What I’m saying is that as a family, and probably society, we’ve become quite dependent on eating meat. Apart from breakfasts, we probably have meat, fish or dairy with every meal. If we don’t, it’s beans on toast or a heinz tomato soup. So the idea of becoming vegan was a real challenge. There are a few films and documentaries doing the rounds, which are apparently transforming people’s lives by converting them to plant based diets. Even the CEO of sausage roll kings, Greggs, has recently converted.

So how is it for an average, meat feasting, food loving couple to adopt a vegan life without feeling like they’ve lost their culinary life? Here are my thoughts.

1. It’s not that hard. With a bit of planning, label checking and a lot of creativity, we’ve managed to make some decent meals. Curries, stews, smoothies, even pancakes! There’s a lot of trial and error, but as long as you seek flavour, it’s ok. The internet is of course a great source of inspiration and the BBC Good Food site and Jamie Oliver are good options. For more indy voices, check out Wicked Kitchen.

2. It’s IMPOSSIBLE. Yes, this is a total contradiction, but certain days I’ve found myself just eating toast or rice cakes with peanut butter or sunflower spread out of laziness. It’s because soooo many products contain milk or something similar. So on the days I couldn’t be bothered to cook and just wanted something easy, it was a struggle. Likewise for anyone who travels for work, there are very few vegan options at train stations, on board or at motorway service stations, unless of course you want to fork out a small fortune, which is where the afore mentioned planning point helps. TIP – do research in advance of a trip and pack snacks.

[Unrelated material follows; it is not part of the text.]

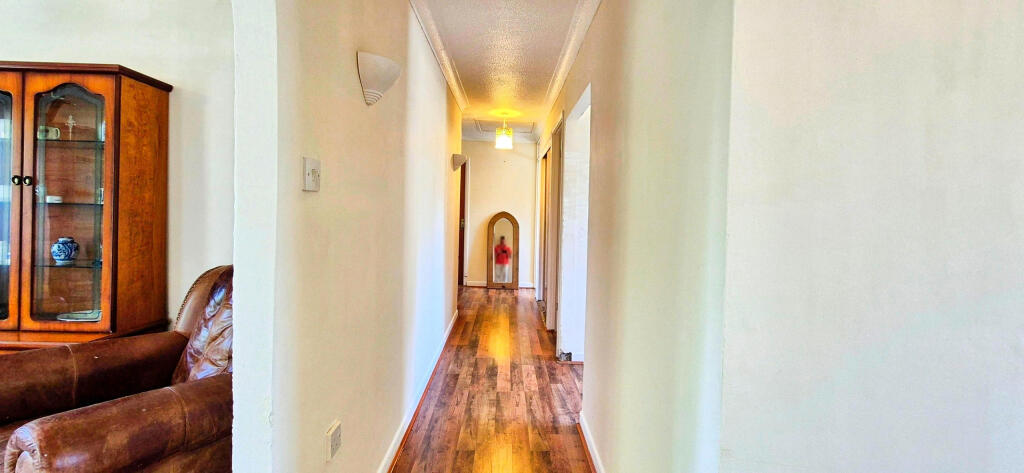 user_edited_photo-542ae4c6_user-edited-c87a3a6f-cc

3. Range and quality of ready meals is improving. Because of point 2, we decided to invest in a few back up options for lazy days. M&S Plant Kitchen is now my saviour. The sweet potato and cashew curry was a personal.fave, along with the sweet potato falafels. Their cauliflower popcorn bites were also tasty. The kids quite like Tesco’s vegan nuggets too!

4. Sweet potatoes are life savers. I’ve always loved sweet potato but found that I’ve been putting them in a lot of dishes. For flavour, bulking out and texture. Bulking is an issue, as just a plate of plain veg will have you (or me at least) feeling hungry within an hour. They also create a bit of variety for the plate vs greens, legumes and other carbs. Lentils are also good bulkers!

5. Cauliflower is NOT meat. Yeah it’s nice when cooked well, with lots of seasoning, but I wholeheartedly hate the term “cauliflower steak”, it’s just one big disappointment. In fact most veganised versions of meat products have totally misleading, disappointing and unnecessary names. Just call it a spiced cauliflower and my taste-buds know what to expect.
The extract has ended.